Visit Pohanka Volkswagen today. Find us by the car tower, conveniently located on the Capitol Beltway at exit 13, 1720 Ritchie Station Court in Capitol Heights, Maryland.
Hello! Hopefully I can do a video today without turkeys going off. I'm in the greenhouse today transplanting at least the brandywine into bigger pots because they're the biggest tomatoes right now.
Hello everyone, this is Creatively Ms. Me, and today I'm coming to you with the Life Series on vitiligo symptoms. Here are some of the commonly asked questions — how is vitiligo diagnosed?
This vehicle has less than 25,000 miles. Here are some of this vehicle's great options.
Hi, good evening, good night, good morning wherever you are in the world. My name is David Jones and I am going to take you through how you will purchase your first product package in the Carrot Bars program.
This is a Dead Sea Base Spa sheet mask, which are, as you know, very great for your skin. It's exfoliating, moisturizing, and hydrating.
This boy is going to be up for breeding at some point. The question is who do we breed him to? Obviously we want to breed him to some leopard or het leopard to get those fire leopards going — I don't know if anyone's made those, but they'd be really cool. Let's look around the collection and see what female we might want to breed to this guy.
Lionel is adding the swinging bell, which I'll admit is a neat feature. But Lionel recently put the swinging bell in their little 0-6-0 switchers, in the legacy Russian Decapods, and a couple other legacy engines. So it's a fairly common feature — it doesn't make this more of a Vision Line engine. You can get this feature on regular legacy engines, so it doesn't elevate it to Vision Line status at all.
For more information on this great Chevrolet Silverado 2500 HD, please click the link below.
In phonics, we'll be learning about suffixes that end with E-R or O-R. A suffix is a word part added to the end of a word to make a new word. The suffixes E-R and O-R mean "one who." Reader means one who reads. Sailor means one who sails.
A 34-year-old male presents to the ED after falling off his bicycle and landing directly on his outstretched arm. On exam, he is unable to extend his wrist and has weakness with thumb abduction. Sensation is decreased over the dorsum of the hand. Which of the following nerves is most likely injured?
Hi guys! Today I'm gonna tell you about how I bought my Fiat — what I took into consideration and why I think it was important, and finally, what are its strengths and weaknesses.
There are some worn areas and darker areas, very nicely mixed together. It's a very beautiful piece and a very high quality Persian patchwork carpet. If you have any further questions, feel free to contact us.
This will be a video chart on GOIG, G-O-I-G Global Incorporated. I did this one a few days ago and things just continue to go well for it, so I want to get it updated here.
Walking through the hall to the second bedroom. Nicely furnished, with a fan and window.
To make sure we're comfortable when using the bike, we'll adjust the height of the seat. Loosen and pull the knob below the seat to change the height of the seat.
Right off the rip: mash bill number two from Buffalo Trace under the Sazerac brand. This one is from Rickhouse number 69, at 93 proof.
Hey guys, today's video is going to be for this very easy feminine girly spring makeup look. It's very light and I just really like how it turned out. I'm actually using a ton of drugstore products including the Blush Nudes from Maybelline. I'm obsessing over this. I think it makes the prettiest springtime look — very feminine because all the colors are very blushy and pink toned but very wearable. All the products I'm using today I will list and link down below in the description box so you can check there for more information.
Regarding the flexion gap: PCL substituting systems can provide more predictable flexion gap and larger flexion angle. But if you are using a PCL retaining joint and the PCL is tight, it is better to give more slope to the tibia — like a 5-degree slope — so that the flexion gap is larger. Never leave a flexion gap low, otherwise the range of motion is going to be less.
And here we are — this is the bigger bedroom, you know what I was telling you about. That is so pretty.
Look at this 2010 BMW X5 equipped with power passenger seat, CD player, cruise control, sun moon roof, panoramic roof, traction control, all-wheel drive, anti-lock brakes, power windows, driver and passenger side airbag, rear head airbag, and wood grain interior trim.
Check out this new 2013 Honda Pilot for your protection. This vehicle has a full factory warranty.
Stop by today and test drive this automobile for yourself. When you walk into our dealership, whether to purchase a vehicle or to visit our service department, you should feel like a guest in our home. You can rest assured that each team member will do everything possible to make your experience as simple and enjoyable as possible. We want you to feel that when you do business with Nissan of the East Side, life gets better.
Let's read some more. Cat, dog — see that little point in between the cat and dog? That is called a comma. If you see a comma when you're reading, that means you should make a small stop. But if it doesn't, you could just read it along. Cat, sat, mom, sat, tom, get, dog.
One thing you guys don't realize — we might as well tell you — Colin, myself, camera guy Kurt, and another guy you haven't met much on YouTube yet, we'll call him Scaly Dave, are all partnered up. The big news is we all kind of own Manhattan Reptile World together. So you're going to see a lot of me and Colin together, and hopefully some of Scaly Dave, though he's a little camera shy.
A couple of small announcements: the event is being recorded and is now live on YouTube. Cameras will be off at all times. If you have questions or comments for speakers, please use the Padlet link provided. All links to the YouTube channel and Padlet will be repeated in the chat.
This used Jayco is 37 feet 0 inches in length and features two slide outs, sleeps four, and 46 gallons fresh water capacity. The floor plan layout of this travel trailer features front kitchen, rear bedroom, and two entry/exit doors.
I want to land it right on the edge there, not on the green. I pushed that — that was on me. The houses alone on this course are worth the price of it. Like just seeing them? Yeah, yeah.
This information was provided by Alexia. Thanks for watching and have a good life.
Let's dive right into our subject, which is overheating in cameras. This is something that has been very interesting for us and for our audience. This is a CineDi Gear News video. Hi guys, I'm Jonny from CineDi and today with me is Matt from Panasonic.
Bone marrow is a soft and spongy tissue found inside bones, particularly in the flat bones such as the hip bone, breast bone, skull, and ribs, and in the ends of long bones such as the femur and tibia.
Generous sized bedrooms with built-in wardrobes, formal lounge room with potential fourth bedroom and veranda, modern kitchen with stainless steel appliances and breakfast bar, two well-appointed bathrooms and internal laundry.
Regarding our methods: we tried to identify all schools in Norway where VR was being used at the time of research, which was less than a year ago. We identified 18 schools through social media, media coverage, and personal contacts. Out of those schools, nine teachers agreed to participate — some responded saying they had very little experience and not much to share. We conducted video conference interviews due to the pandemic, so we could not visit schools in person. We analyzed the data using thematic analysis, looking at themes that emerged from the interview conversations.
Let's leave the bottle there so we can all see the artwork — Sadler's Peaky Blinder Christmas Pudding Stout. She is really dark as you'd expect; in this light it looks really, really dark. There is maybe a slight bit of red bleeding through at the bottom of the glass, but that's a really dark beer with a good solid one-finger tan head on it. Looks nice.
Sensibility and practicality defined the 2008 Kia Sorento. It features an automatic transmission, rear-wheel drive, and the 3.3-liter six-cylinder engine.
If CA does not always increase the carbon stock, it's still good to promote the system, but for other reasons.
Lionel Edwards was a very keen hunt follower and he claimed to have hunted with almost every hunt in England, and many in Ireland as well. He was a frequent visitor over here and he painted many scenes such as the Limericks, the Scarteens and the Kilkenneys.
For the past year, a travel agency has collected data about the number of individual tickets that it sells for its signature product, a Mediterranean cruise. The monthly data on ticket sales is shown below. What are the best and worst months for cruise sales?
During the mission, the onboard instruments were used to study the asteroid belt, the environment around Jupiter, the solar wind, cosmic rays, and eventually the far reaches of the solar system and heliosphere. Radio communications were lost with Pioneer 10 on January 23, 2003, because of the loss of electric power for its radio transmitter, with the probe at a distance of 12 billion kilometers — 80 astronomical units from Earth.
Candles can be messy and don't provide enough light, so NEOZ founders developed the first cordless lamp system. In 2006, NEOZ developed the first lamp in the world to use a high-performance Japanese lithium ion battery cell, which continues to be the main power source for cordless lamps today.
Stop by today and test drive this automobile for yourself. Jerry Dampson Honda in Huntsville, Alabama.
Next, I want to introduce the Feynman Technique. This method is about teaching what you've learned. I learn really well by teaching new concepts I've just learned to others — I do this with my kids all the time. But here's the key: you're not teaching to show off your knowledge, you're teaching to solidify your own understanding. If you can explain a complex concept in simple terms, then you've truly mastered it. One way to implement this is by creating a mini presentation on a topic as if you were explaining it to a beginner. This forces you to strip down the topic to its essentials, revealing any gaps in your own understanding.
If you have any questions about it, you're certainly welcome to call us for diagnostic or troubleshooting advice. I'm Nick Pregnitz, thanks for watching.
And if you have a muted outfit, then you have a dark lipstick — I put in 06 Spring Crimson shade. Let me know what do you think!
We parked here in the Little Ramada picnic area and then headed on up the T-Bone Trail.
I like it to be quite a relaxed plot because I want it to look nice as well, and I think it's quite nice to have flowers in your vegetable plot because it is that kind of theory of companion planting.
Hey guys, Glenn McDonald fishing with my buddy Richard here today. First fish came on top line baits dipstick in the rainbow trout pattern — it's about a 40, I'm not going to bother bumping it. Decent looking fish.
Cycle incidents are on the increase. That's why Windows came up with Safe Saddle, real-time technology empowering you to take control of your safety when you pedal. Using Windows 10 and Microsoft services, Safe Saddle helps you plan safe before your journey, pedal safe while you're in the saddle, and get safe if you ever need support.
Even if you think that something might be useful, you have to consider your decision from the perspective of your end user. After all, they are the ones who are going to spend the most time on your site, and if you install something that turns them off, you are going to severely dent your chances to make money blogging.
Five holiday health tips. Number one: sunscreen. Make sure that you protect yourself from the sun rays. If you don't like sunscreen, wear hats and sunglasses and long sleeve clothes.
● ● ● ● ● ● ●
Brief: What you give back must be the stretch above, starting at the line with "Hello everyone, this" and ending at the line with "Hi, good evening, good", copied exactly.

Answer for this exercise:
Hello everyone, this is Creatively Ms. Me, and today I'm coming to you with the Life Series on vitiligo symptoms. Here are some of the commonly asked questions — how is vitiligo diagnosed?
This vehicle has less than 25,000 miles. Here are some of this vehicle's great options.
Hi, good evening, good night, good morning wherever you are in the world. My name is David Jones and I am going to take you through how you will purchase your first product package in the Carrot Bars program.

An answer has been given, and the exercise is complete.